*** Begin section ***
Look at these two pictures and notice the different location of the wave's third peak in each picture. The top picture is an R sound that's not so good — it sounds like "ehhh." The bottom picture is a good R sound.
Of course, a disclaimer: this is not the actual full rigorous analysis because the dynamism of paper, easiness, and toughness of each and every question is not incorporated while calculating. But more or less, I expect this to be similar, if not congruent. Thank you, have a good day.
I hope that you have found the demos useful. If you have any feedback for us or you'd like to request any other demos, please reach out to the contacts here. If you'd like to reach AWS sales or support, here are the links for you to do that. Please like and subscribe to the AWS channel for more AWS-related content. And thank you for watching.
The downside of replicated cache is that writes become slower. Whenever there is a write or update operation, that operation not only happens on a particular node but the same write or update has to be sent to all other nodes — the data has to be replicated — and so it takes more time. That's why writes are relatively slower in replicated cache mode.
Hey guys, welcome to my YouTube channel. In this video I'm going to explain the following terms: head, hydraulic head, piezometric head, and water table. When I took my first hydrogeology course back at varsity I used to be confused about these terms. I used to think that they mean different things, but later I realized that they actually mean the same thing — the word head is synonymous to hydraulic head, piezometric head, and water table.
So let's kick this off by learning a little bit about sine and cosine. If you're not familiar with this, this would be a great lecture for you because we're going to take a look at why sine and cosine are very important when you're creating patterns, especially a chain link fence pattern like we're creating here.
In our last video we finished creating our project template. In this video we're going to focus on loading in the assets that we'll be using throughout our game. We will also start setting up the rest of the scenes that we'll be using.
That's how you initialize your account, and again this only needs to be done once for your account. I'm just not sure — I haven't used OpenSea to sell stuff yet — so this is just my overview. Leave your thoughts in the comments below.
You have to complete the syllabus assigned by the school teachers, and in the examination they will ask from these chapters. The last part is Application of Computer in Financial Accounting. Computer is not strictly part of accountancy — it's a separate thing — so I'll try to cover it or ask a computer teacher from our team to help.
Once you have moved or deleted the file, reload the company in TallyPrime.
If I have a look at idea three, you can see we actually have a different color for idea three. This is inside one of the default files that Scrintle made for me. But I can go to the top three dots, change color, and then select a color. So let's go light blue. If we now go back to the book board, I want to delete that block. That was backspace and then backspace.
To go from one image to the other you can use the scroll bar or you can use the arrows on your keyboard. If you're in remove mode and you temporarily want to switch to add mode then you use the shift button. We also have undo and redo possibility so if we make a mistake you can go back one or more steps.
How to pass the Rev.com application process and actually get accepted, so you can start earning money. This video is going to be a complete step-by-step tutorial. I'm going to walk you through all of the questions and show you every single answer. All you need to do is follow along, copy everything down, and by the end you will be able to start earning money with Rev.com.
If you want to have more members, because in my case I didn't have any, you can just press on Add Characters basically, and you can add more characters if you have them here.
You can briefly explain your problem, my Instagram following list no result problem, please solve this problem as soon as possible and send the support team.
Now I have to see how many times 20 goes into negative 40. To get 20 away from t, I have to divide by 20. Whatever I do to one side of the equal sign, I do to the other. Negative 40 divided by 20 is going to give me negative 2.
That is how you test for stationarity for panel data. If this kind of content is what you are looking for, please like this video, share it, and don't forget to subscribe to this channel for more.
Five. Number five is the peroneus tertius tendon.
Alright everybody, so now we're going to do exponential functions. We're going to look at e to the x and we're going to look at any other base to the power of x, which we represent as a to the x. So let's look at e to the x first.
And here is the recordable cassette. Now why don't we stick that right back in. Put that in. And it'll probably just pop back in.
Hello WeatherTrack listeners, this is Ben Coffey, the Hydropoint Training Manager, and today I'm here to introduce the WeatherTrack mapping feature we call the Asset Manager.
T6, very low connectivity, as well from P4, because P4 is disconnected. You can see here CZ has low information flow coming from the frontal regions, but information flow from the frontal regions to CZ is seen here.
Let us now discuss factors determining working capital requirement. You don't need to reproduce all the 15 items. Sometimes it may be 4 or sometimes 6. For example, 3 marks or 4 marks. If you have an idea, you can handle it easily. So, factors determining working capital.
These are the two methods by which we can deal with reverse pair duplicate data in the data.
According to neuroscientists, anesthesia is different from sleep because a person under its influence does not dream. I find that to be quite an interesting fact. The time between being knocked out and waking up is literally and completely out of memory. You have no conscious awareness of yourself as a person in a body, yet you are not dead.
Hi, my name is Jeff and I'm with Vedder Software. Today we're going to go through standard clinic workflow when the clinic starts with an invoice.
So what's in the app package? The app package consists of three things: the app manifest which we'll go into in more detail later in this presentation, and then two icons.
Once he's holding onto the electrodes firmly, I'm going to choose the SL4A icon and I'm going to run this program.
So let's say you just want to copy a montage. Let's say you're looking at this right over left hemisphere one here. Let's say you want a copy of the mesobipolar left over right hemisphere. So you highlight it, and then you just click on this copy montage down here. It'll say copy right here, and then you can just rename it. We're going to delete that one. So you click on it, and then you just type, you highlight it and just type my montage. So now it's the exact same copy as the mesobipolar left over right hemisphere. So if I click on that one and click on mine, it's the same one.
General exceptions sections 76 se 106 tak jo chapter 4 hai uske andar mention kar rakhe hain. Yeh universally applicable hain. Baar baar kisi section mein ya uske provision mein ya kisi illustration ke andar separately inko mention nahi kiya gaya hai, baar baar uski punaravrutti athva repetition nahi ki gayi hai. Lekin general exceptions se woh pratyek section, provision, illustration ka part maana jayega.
*** End section ***
What you give back should be exactly the lines of the data above from the line with "So what's in" through the line with "So let's say", both of those included, and nothing more.

◆ Solution to this task
So what's in the app package? The app package consists of three things: the app manifest which we'll go into in more detail later in this presentation, and then two icons.
Once he's holding onto the electrodes firmly, I'm going to choose the SL4A icon and I'm going to run this program.
So let's say you just want to copy a montage. Let's say you're looking at this right over left hemisphere one here. Let's say you want a copy of the mesobipolar left over right hemisphere. So you highlight it, and then you just click on this copy montage down here. It'll say copy right here, and then you can just rename it. We're going to delete that one. So you click on it, and then you just type, you highlight it and just type my montage. So now it's the exact same copy as the mesobipolar left over right hemisphere. So if I click on that one and click on mine, it's the same one.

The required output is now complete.